Exercise goal: Would you please copy the part of the material below that opens with the line containing "신형 전차로 탈바꿈한" and closes with the line containing "Victoria Guest House"? Copy it exactly, and only it.
*** Data excerpts ***
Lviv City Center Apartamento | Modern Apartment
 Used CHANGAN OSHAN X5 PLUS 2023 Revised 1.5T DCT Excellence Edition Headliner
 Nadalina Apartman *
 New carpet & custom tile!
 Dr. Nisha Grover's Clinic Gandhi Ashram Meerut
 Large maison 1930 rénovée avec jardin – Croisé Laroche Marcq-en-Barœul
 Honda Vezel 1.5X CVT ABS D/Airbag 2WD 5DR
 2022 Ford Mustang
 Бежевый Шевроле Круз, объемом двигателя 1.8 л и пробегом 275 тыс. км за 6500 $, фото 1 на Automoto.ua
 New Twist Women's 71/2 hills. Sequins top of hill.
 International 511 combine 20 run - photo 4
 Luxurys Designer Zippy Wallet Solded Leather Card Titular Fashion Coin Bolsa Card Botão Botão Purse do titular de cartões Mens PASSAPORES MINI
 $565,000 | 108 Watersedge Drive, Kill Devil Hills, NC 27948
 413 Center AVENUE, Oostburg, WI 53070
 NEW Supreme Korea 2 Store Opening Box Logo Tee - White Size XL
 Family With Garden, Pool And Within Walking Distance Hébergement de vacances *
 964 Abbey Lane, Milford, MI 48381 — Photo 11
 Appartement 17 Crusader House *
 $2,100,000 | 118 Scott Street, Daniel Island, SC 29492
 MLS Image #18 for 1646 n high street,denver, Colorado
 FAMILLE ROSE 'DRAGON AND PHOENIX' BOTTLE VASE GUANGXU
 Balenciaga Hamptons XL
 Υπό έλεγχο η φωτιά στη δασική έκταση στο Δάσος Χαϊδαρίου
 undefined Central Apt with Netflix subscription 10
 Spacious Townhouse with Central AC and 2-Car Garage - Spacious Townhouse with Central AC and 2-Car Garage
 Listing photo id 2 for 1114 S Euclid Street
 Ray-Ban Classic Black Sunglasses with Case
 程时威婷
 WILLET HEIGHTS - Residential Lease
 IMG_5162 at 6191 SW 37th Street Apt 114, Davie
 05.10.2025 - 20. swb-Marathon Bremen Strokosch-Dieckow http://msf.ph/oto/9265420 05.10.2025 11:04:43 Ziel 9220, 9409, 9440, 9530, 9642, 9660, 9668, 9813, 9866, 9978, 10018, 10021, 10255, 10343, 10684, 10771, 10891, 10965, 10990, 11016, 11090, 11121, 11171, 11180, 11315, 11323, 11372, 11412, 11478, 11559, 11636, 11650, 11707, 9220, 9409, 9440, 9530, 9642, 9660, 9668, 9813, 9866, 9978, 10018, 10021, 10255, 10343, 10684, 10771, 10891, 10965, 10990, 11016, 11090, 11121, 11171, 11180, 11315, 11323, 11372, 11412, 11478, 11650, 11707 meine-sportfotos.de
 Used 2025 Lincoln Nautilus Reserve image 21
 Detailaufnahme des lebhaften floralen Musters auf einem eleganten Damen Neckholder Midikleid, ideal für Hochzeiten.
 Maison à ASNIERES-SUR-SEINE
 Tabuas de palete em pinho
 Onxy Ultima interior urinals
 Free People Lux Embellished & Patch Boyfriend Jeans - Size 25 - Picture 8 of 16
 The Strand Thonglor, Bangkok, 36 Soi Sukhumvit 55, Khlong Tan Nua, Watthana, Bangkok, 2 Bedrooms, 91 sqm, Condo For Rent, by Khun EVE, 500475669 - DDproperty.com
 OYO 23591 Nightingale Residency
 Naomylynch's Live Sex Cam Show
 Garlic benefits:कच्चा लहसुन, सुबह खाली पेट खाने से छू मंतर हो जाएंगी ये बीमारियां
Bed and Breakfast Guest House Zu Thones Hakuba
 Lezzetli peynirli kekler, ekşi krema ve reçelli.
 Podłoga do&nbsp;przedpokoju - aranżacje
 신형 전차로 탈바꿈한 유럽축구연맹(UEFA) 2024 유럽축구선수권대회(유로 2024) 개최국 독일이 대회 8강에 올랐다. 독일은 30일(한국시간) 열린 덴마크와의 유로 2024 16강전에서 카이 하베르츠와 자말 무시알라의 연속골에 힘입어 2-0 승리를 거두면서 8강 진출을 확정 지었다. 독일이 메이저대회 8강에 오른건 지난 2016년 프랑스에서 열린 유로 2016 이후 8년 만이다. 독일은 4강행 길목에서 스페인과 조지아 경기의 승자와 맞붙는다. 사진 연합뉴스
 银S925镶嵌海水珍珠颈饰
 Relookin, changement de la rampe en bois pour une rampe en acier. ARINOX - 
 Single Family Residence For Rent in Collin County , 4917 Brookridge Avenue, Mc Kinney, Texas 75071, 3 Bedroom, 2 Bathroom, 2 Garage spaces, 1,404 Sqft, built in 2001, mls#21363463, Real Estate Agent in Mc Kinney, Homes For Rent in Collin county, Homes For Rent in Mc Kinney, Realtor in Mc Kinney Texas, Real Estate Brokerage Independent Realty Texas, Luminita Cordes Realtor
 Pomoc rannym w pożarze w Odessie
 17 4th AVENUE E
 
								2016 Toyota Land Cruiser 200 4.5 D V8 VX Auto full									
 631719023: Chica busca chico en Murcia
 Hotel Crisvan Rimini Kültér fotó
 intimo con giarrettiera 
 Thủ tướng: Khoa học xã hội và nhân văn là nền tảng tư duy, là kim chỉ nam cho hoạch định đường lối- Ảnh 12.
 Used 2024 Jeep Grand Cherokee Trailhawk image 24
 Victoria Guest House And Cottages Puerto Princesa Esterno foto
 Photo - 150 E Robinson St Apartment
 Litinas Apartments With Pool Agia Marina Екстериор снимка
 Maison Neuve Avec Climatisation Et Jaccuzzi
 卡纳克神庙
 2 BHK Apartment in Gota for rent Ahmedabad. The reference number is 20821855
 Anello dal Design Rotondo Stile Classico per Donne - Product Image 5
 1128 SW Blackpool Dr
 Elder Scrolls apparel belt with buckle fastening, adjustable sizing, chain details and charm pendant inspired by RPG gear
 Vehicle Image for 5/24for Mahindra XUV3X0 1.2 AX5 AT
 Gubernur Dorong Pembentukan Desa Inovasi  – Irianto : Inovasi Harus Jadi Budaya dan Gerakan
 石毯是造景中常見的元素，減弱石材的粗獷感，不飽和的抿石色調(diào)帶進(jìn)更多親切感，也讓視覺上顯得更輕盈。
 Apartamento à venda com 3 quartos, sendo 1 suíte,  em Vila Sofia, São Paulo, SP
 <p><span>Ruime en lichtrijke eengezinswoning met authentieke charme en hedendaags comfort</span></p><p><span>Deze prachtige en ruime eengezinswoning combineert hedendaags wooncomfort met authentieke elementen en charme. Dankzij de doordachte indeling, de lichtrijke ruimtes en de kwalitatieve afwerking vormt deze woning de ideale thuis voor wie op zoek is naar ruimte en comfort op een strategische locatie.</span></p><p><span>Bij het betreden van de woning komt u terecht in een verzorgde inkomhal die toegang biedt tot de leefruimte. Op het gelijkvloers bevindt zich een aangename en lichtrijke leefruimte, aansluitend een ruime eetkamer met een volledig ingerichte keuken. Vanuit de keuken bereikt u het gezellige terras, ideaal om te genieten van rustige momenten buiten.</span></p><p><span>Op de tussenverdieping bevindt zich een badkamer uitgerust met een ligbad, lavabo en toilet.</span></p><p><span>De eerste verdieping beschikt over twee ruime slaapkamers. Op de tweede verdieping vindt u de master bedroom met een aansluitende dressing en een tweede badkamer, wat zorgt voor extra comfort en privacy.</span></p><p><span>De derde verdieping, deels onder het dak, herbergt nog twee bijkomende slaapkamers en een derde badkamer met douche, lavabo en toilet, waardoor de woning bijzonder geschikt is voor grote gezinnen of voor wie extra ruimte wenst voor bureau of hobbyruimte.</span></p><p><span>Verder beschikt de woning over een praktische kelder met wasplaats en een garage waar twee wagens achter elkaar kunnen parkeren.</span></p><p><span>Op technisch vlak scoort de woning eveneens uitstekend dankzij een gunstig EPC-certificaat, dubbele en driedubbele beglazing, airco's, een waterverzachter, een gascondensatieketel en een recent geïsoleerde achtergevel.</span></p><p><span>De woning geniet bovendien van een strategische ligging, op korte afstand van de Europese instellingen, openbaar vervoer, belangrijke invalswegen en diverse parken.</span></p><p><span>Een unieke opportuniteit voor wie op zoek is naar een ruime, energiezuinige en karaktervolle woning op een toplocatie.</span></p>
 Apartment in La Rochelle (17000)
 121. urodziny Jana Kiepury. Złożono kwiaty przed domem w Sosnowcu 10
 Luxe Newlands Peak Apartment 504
*** End of Data excerpts ***
Result for this task:
 신형 전차로 탈바꿈한 유럽축구연맹(UEFA) 2024 유럽축구선수권대회(유로 2024) 개최국 독일이 대회 8강에 올랐다. 독일은 30일(한국시간) 열린 덴마크와의 유로 2024 16강전에서 카이 하베르츠와 자말 무시알라의 연속골에 힘입어 2-0 승리를 거두면서 8강 진출을 확정 지었다. 독일이 메이저대회 8강에 오른건 지난 2016년 프랑스에서 열린 유로 2016 이후 8년 만이다. 독일은 4강행 길목에서 스페인과 조지아 경기의 승자와 맞붙는다. 사진 연합뉴스
 银S925镶嵌海水珍珠颈饰
 Relookin, changement de la rampe en bois pour une rampe en acier. ARINOX - 
 Single Family Residence For Rent in Collin County , 4917 Brookridge Avenue, Mc Kinney, Texas 75071, 3 Bedroom, 2 Bathroom, 2 Garage spaces, 1,404 Sqft, built in 2001, mls#21363463, Real Estate Agent in Mc Kinney, Homes For Rent in Collin county, Homes For Rent in Mc Kinney, Realtor in Mc Kinney Texas, Real Estate Brokerage Independent Realty Texas, Luminita Cordes Realtor
 Pomoc rannym w pożarze w Odessie
 17 4th AVENUE E
 
								2016 Toyota Land Cruiser 200 4.5 D V8 VX Auto full									
 631719023: Chica busca chico en Murcia
 Hotel Crisvan Rimini Kültér fotó
 intimo con giarrettiera 
 Thủ tướng: Khoa học xã hội và nhân văn là nền tảng tư duy, là kim chỉ nam cho hoạch định đường lối- Ảnh 12.
 Used 2024 Jeep Grand Cherokee Trailhawk image 24
 Victoria Guest House And Cottages Puerto Princesa Esterno foto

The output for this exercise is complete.